Mr. Guerrera is also a party to a Severance Pay Agreement with the Company. Pursuant to Mr. Guerrera’s Severance Pay Agreement, in the event of Mr. Guerrera’s involuntary termination, he will be entitled to receive certain benefits including (a) an amount equal to 12 months’ worth of his base salary, and (b) outplacement services at the Company’s expense for a period of 26 weeks and (c) under certain circumstances, continued paid coverage under the Company’s group health plans for 12 months after such termination.

The benefits under Mr. Petrillo’s and Mr. Guerrera’s Severance Pay Agreements are generally consistent with the benefits that they would have been eligible to receive under the Company’s Separation Pay Plan for United States-based full-time employees, which was terminated by the Board in March of 2014.

Retention Agreements. Prior to his appointment as President and General Counsel in December 2013, Mr. Guerrera became a party to a Retention Bonus Agreement with the Company. Pursuant to Mr. Guerrera’s Retention Bonus Agreement, if certain conditions set forth therein are met (including his continued employment through the applicable date), Mr. Guerrera is entitled to receive retention bonuses of $30,000 on each of March 7, 2014, March 7, 2015 and March 7, 2016.

During fiscal 2014, the Board elected to convert Mr. Petrillo’s target incentive bonus for the third and fourth quarters of fiscal 2014 into a Retention Bonus Agreement. Pursuant to Mr. Petrillo’s Retention Bonus Agreement, Mr. Petrillo will be entitled to receive a retention bonus of $26,000 on the earlier of (a) the date of his involuntary termination by the Board without Cause (as defined in Mr. Petrillo’s Retention Bonus Agreement) or (b) October 31, 2014.

Director Compensation

The following table shows the fiscal 2014 compensation information for our directors who served during such period.

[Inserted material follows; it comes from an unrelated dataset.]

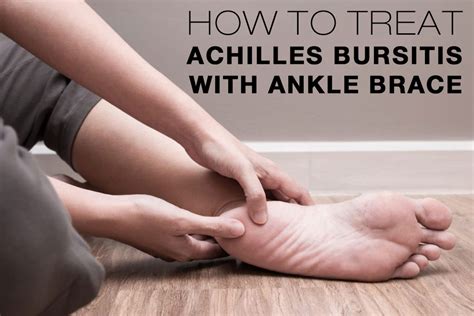 Achilles Bursitis: Symptoms, Causes, Treatment By Ankle, 44% OFF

Non-Employee Director Compensation for Fiscal 2014

 

Name

   Fees Earned or
Paid in Cash(1)
($)
    Option
Awards(2)
($)
     All Other
Compensation
($)
     Total
($)
 

Daniel E. Smith

     36,000 (3)      —           —           36,000   

Alan R. Cormier

     21,560 (4)      —           —           21,560   

Robert E. Donahue(5)

     36,000        —           —           36,000   

 

(1) Reflects amounts earned by our directors for their fiscal 2014 service on the Board, regardless of when the amounts were paid. Commencing on April 1, 2013, each non-employee director of the Company receives an annual retainer of $36,000, paid on a quarterly basis, for the director’s service on the Board.
(2) No option awards were granted to our directors during the fiscal year ended July 31, 2014. All outstanding and unexercised options were terminated on March 7, 2013 upon the filing of the Certificate of Dissolution.
(3) Represents fees paid to Mr. Smith for his service as a non-employee director in fiscal 2014. In accordance with the terms of Mr. Smith’s change of control agreement with the Company, the Company paid $20,081 for group health insurance coverage on behalf of Mr. Smith in fiscal 2014. Those payments were made pursuant to the terms of Mr. Smith’s change of control agreement with the Company, not in connection with Mr. Smith’s service as a director of the Company, and, accordingly, are not included in the table above.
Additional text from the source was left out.